Although I never studied economics or finance in college, I’ve just started working as a quantitative analyst in the financial services industry. Luckily, I became well-acquainted with methods that are useful in quantitative finance (e.g., optimization, partial differential equations, and stochastic calculus) as an undergraduate math major.
I tried out several areas of applied math in graduate school, but never quite settled into a comfortable niche. So, after searching for a career where I could use those aforementioned quantitative methods on a regular basis, finance seemed like a suitable option. The only trouble was that I didn’t have any job experience or certifications suggesting an interest in finance.

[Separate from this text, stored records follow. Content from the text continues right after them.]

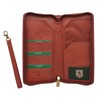 VISCONTI Leather Zipped Travel Document Holder & Strap RFID Blocking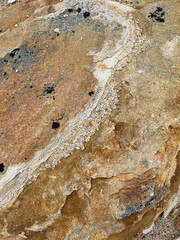 Stone rock boulder texture seaside landscape northern nature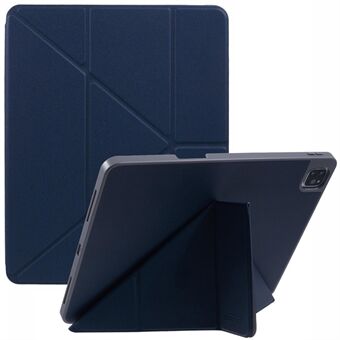 MUTURAL Voor iPad Air 13 (2024) / iPad Pro 12,9 (2022) / (2021) / (2020) / (2018) Hoes Slimme Leren Tablethoes Origami Standaard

In order to prove that I was committed to pursuing a career in finance, I signed up for the CFA program; after I passed the first exam, I noticed a sizable uptick in interview requests and eventually accepted an offer to work for a large financial services company. It’s safe to say that if I had never signed up for the CFA program, I wouldn’t have my current job.
Yet, the time commitment demanded by the CFA program – the CFA Institute, which administers the program, recommends at least 300 hours of studying for each of its three exams – seems to be almost worthless in light of my actual job responsibilities.
The mathematical models that I’ve been using since starting my job are significantly more complex than what is presented in the CFA curriculum. Corporate finance, financial statements analysis, and most other topics covered in the exams are entirely, or almost entirely, irrelevant to my work.
Even though I would like to stop working towards a credential that won’t improve my job performance, I’ll stick with it for two reasons. First, it is generally expected that anyone working in qualitative or quantitative portfolio management becomes a CFA charterholder; in line with this expectation, at least half of the people I work with on a regular basis hold the CFA charter. Second, and more important for my career prospects, the CFA charterholders I work with are disproportionately concentrated in management positions.
On a performance basis, my decision to continue the program seems like a standard example of the sunk cost fallacy in action – or attributable to any number of behavioral biases. However, the signaling effect of becoming a CFA charterholder, in terms of credibility and promotion potential, would seem to make the investment worthwhile.
Regardless, I greatly appreciate the work you’ve been doing to highlight how signaling can explain a substantial part of the return to education. Hopefully, credential inflation will abate before a majority of janitors have bachelor’s degrees.